● **Information shown**

BEGIN

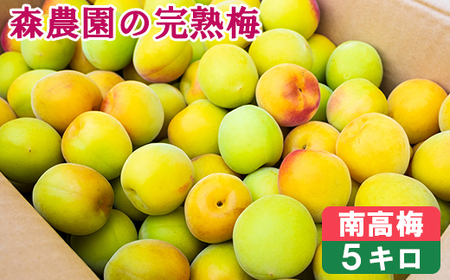 【期間限定】森農園の完熟梅(南高梅) 5kg 梅 南高梅 完熟梅 梅干し 梅干 梅干し用 梅酒 梅シロップ 梅ジャム 5キロ 数量限定 先行予約 6月 ＜162-003＞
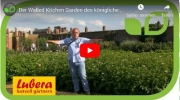 Gartenvideo des Monats - August&#039;19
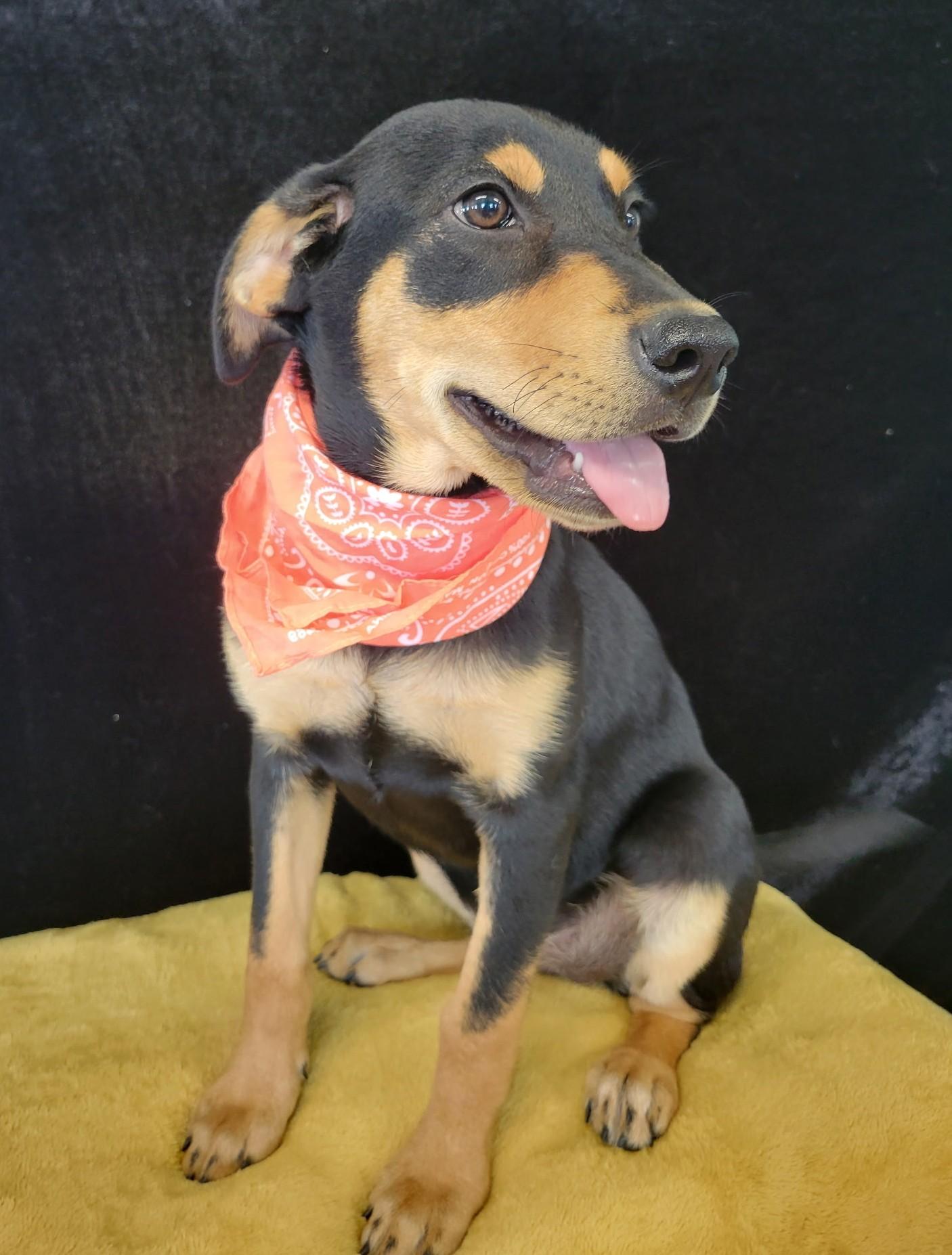 Enlarge Quackers SS, a ADOPTABLE mixed breed in South Portland, ME image 5/5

END

● **Your instructions**
Restate the data above word for word, so that the only difference is the missing pictures.

● **Answer section**
 【期間限定】森農園の完熟梅(南高梅) 5kg 梅 南高梅 完熟梅 梅干し 梅干 梅干し用 梅酒 梅シロップ 梅ジャム 5キロ 数量限定 先行予約 6月 ＜162-003＞
 Gartenvideo des Monats - August&#039;19
 Enlarge Quackers SS, a ADOPTABLE mixed breed in South Portland, ME image 5/5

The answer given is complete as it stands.